The Bible's self-attestation is that it is through the Scriptures that we have hope (Romans 15:4). In spite of all that modern science, and even modern theology, has told us, we still have a Bible which authenticates itself as a word from Heaven for our souls. Through that Bible there is hope for us. Let us dedicate ourselves to the Book at the beginning of this new decade.
We also know that Christ is our hope (Colossians 1:27; 1 Timothy 1:1). It is through union with Him, and through having a living, powerful relationship with him that we can enjoy the dynamism of a good hope through grace. There is no hope for us apart from the Person of the God-Man and the work of his cross. May we dedicate ourselves to the Mediator at the beginning of this new era.
We know too that our hope is in God's saving work in the lives of men. Our helmet, Paul says in 1 Thessalonians 5:8, is the hope of salvation. It is possible to have God working in our lives. It is possible to face the future knowing that what he did to save, bears results in the salvation of men and women. May we dedicate ourselves to making that Salvation known at the beginning of this new age.

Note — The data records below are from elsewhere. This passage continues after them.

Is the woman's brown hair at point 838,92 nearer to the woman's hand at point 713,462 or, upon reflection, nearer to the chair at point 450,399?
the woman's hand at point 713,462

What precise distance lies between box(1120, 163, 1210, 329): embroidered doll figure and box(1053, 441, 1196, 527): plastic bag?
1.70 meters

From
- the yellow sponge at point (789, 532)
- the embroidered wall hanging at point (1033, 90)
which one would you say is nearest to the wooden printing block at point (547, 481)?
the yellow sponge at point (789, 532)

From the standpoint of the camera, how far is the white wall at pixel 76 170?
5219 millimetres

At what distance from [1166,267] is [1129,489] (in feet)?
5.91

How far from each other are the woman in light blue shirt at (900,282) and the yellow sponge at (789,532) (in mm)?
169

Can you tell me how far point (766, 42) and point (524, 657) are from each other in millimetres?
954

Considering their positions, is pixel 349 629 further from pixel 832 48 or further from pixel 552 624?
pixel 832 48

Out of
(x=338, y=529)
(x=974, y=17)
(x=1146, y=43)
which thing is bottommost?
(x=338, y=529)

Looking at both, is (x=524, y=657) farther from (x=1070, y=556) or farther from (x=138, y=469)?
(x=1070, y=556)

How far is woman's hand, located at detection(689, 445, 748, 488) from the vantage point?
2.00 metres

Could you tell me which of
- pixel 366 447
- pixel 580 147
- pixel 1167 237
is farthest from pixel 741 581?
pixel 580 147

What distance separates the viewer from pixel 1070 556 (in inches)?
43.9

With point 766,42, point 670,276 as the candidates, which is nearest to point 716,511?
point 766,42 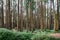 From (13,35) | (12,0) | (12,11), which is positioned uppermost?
(12,0)

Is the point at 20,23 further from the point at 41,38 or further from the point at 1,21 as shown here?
the point at 41,38

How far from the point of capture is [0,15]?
1136 inches

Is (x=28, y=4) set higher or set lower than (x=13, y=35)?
higher

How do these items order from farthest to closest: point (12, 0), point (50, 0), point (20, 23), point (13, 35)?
point (12, 0), point (50, 0), point (20, 23), point (13, 35)

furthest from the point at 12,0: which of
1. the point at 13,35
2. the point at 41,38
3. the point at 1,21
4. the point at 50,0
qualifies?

Hope. We all need it. We can live without much, but without hope there is nothing to life. So I have a dream for the year 2000; the dream of a full church, of a happy religion, of a revival blessing, of continued preaching, of hundreds of conversions, of peaceful living. I have a dream of peace on earth and goodwill to men. I have a dream that God will come down and visit us this year. That is the hope that fuels every sermon I preach and every endeavour I make.
May our dreams be turned to reality, and may you have a prosperous and blessed year 2000.